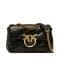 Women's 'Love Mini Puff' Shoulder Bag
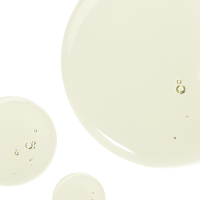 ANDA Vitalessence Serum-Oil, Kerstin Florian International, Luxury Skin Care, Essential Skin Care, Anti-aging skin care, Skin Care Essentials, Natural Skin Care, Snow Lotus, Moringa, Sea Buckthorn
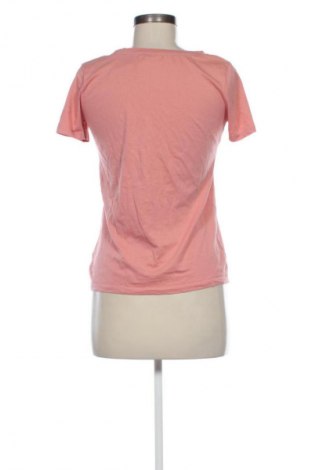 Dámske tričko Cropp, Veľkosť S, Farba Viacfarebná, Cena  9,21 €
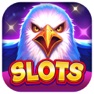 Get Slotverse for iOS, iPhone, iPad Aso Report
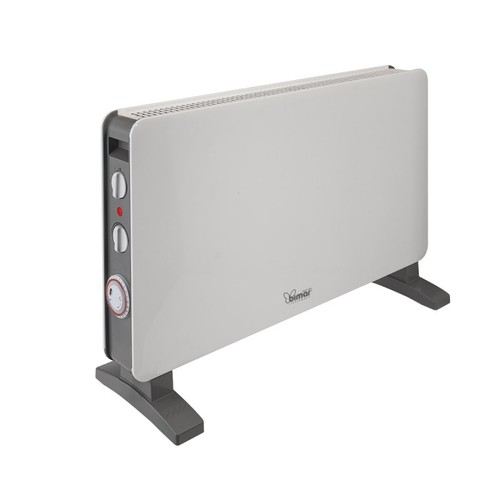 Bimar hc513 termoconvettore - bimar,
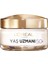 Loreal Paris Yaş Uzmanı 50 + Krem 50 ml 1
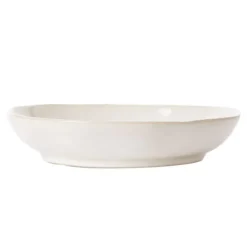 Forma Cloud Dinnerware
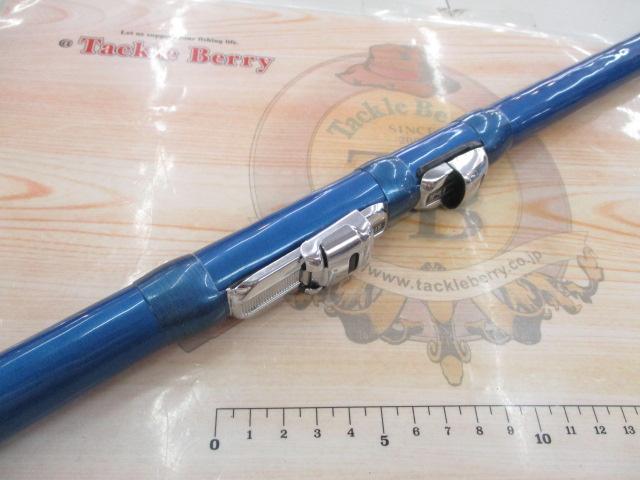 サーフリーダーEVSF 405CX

▶ Task statement:
Output the line that contains "Bimar hc513 termoconvettore" and every subsequent line through the end of the entries, exactly as given, without pictures.

▶ Result below:
 Bimar hc513 termoconvettore - bimar,
 Loreal Paris Yaş Uzmanı 50 + Krem 50 ml 1
 Forma Cloud Dinnerware
 サーフリーダーEVSF 405CX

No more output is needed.